[clang] [llvm] [AMDGPU] Introduce asyncmark/wait intrinsics (PR #173259)

Mon Dec 22 20:10:26 PST 2025

================
@@ -1107,13 +1153,31 @@ void WaitcntBrackets::updateByEvent(WaitEventType E, MachineInstr &Inst) {
         setVMemScore(LDSDMA_BEGIN + Slot, T, CurrScore);
     }
 
+    if (Context->isAsyncLdsDmaWrite(Inst) && T == LOAD_CNT) {
+      // FIXME: Not supported on GFX12 yet.
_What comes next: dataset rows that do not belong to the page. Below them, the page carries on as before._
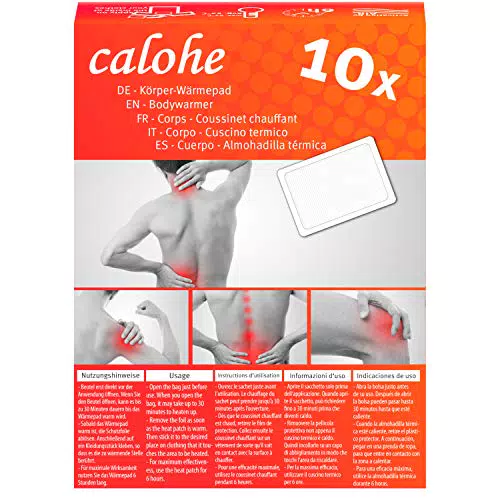 Cerotto termico per schiena, spalle, collo, addome, 10 pezzi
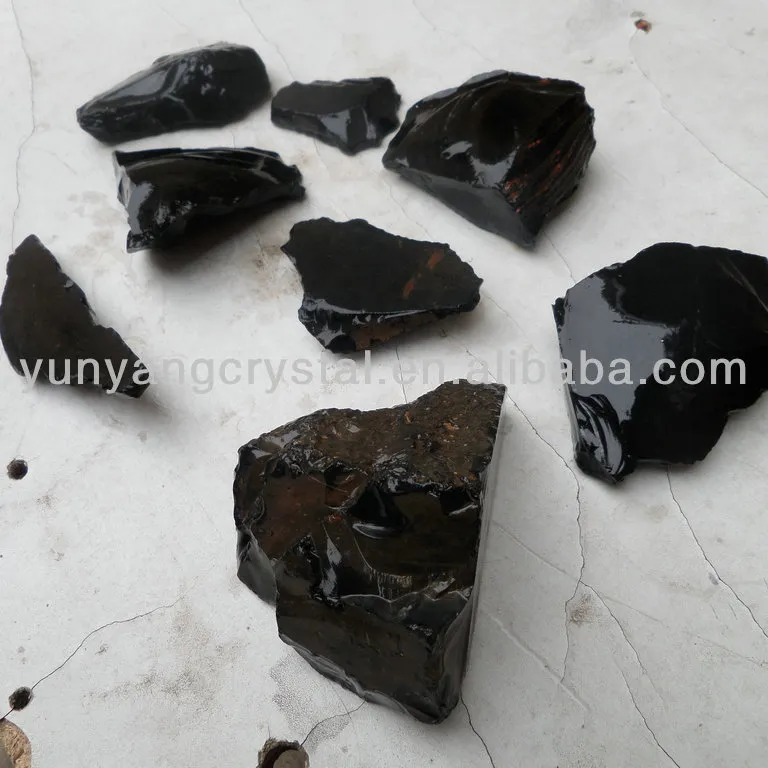 naturale pietra nera ossidiana per la vendita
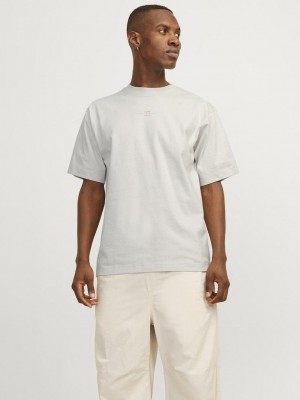 JACK&JONES ORIGINALS JCOSOLARRIZE TEE SS CREW NECK LN Moonbeam | Freewear JCOSOLARRIZE TEE SS CREW NECK LN - www.freewear.nl - Freewear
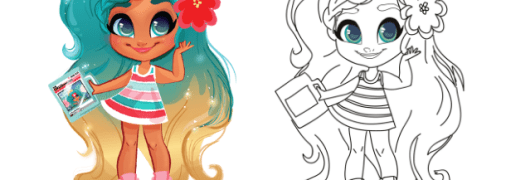 Куклы Хэйрдораблз: раскраски для детей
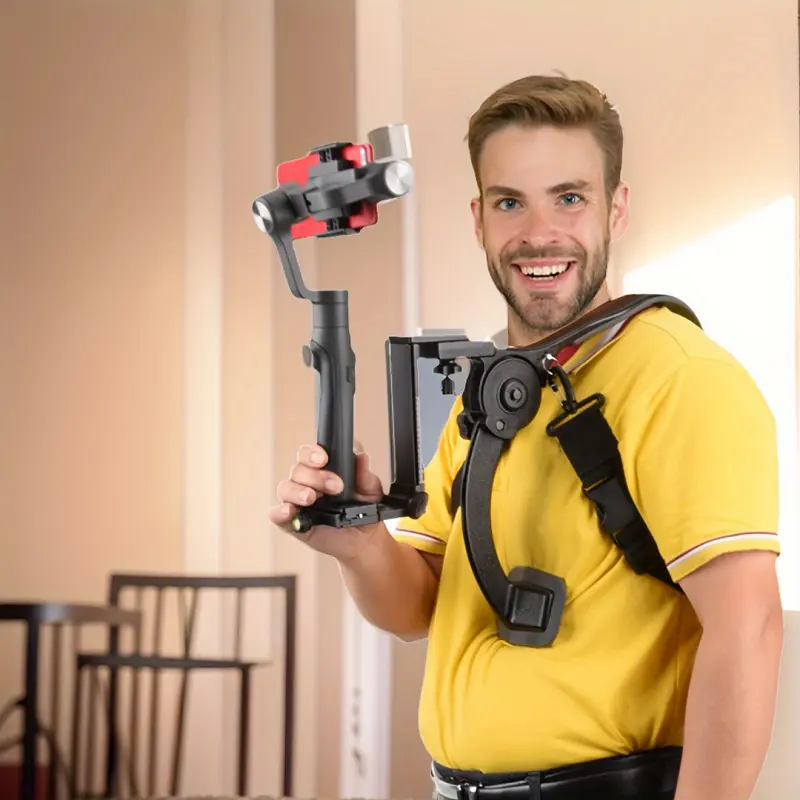 Lightweight Era Camera Shoulder Rig, Can Be Attached to The Waist, Video Shooting Equipment, Compatible with Stabilizer Base for Mounting Smartphone Stabilizers, Handheld Stabilizers for Dslrs, Shoulder Support, Camera Shoulder Support Frame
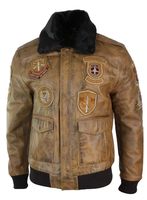 Aviator Leather Jacket - 82600 news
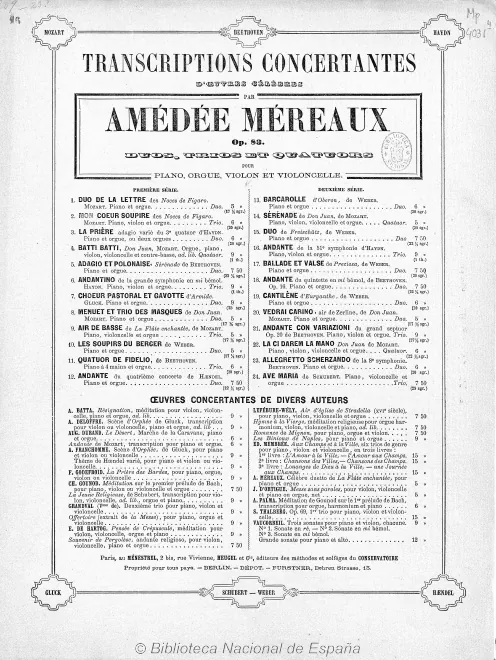 First page of Symphony No.51 in B-flat major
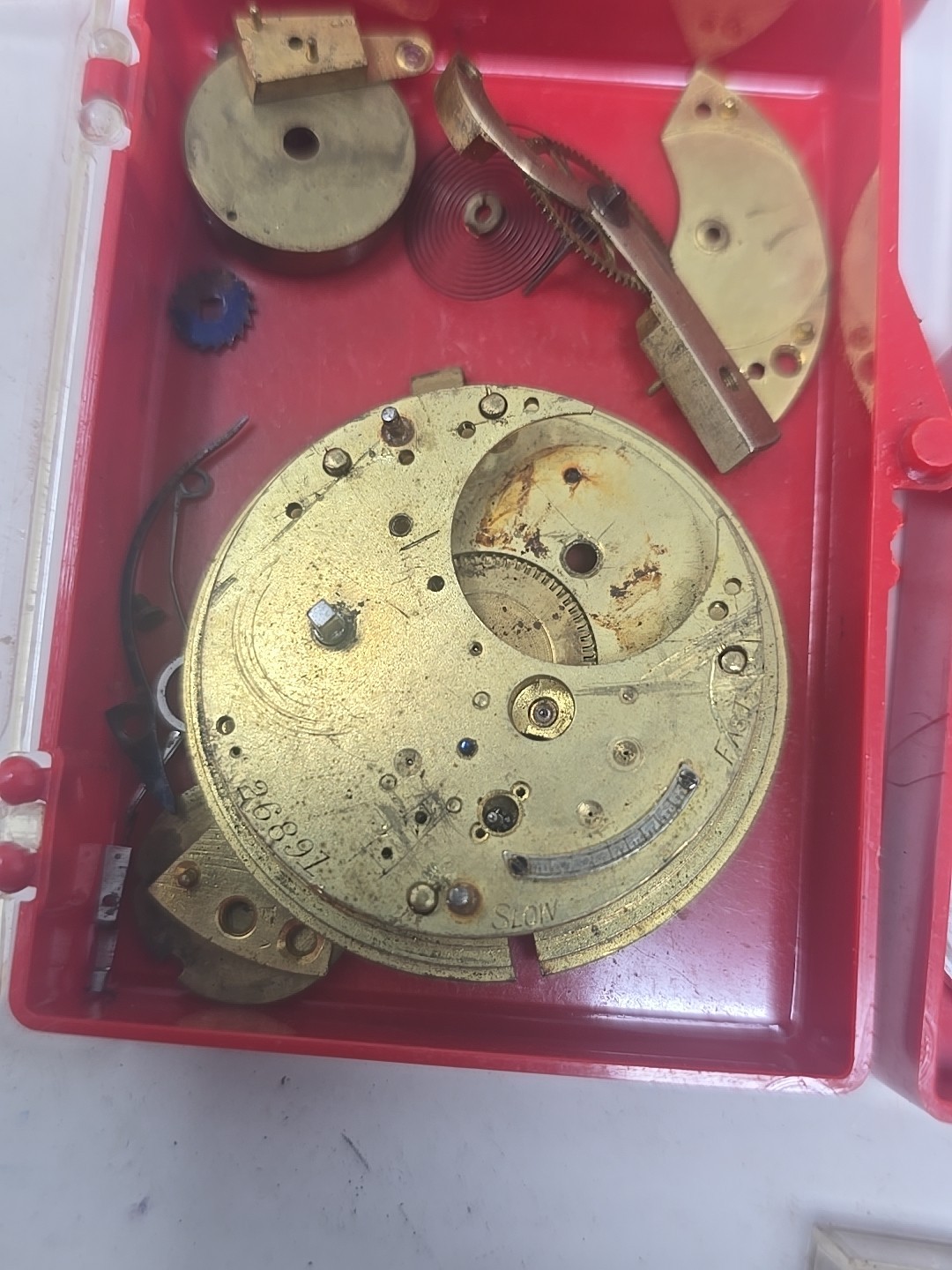 Antique Pocketwatch Watch Parts and REPAIR Lot London SteamPunk Crafts NO RETURN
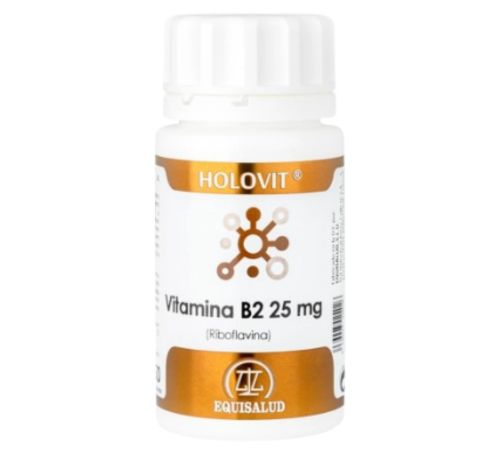 Holovit Vitamina B2 25Mg Riboflavina 50caps Equisalud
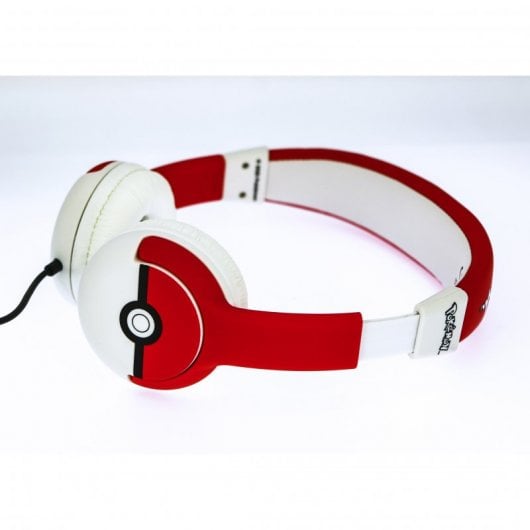 Auriculares Infantiles Pokemon Pokeball Rojo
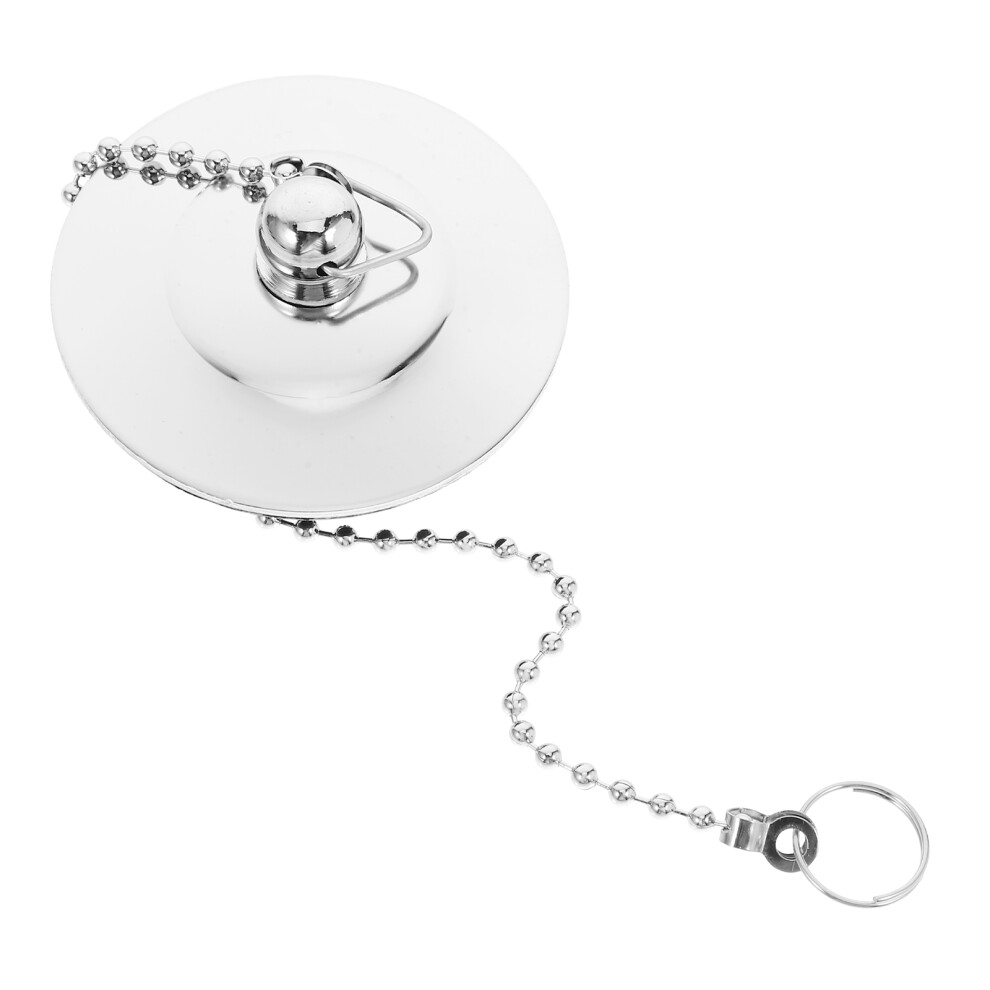 Bathtub Drain Plug With Chain For Bathroom And Kitchen Sink Basin 3263628786009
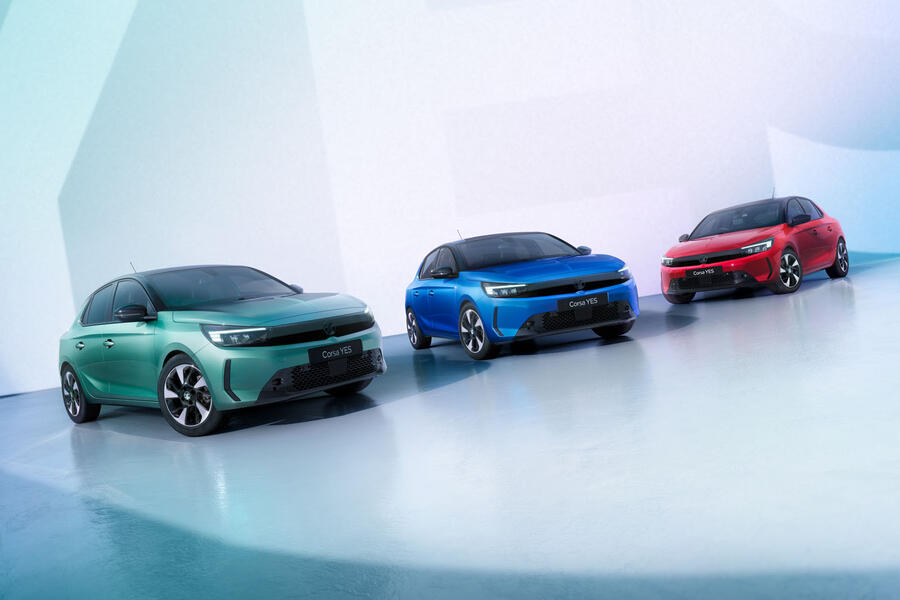 Vauxhall Corsa colours
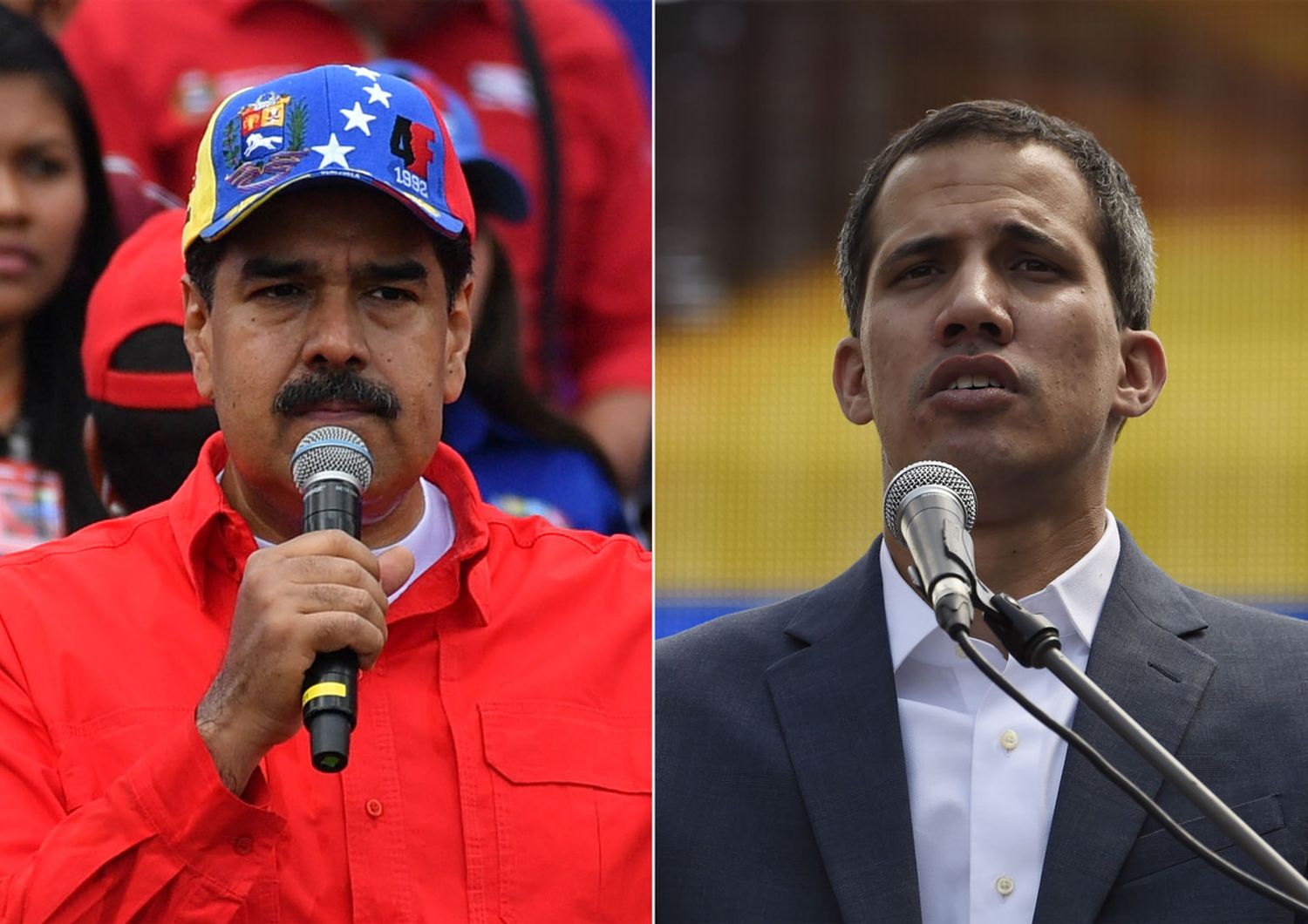 Maduro e Guaido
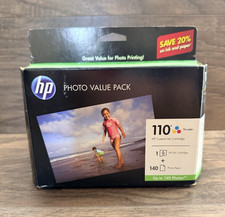 Genuine HP 110 Q8700BN Photo Value Pack Tri Color Cartridge OEM NEW picture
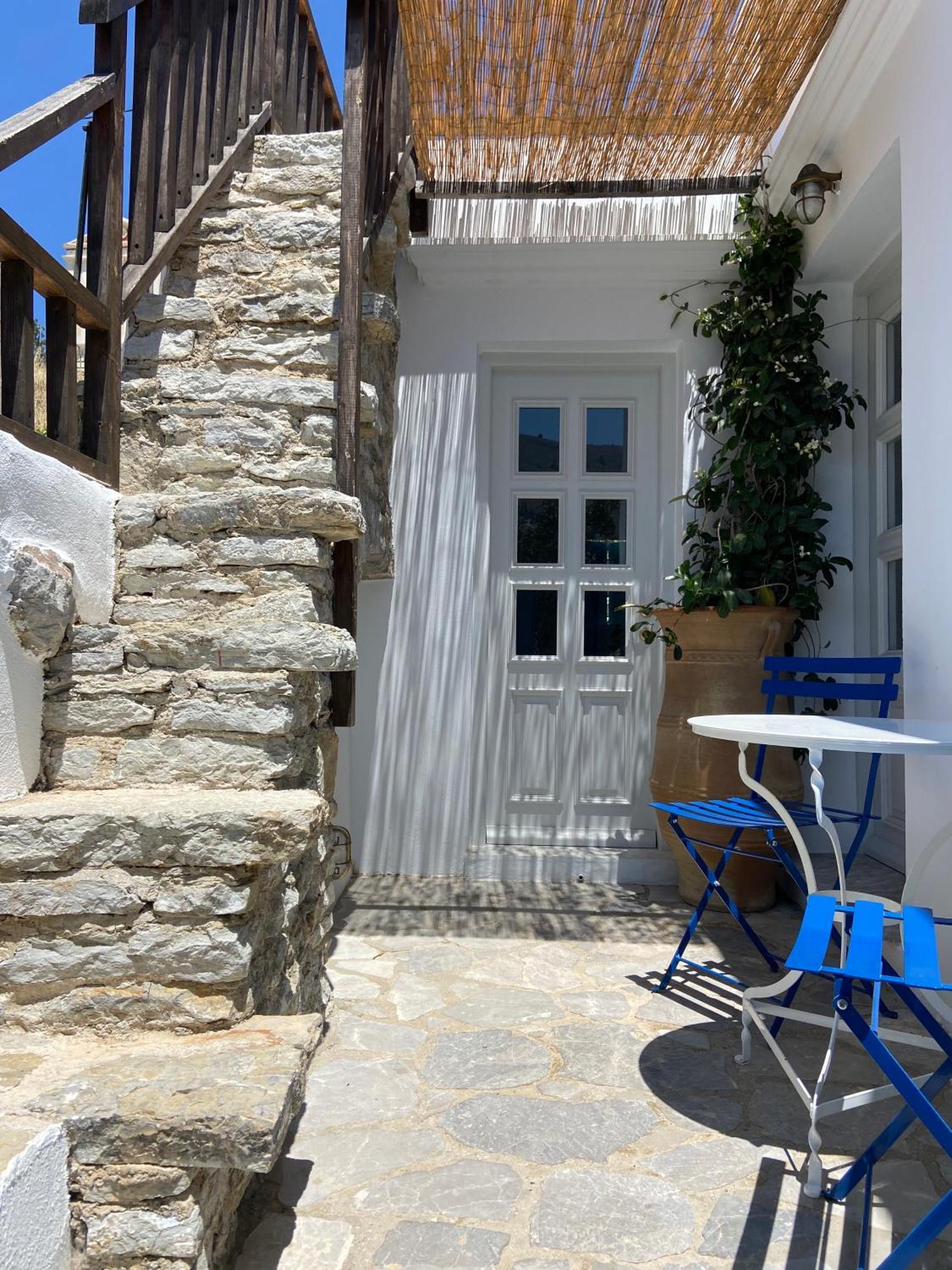 Little Blue In Chorio, Symi Villa Buitenkant foto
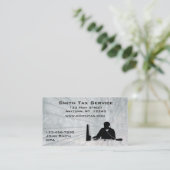 人のオフィスの名刺 名刺 (スタンド正面)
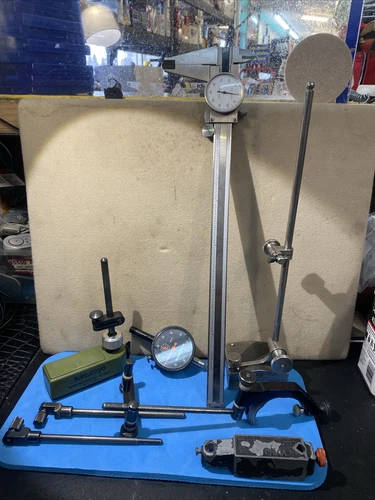 Mitutoyo 7025 Mini Magnetic Test Dial Indicator Stand Holder & Machinist Tools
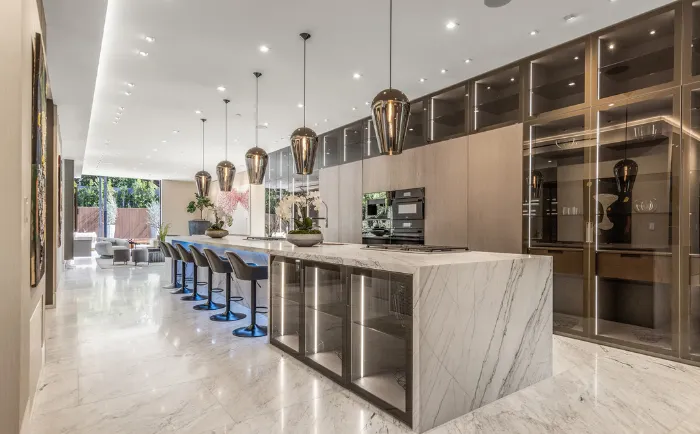 Ongoing construction work as part of a villa renovation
Will need a new feature when we do.
+      assert(!SIInstrInfo::usesASYNC_CNT(Inst));
+      AsyncScore[T] = CurrScore;
+    }
+
     if (SIInstrInfo::isSBarrierSCCWrite(Inst.getOpcode())) {
       setRegScore(AMDGPU::SCC, T, CurrScore);
       PendingSCCWrite = &Inst;
     }
   }
 }
 
+void WaitcntBrackets::recordAsyncMark(MachineInstr &Inst) {
+  AsyncMarkers.emplace_back(AsyncScore);
----------------
ssahasra wrote:

Wow, that sent me down a minor rabbit-hole:
https://stackoverflow.com/questions/10890653/why-would-i-ever-use-push-back-instead-of-emplace-back
https://abseil.io/tips/112

So the conclusion seems to be that always prefer `push_back()`, unless you are absolutely sure that the performance gain from `emplace_back()` is noticeable and you know what you are doing?

https://github.com/llvm/llvm-project/pull/173259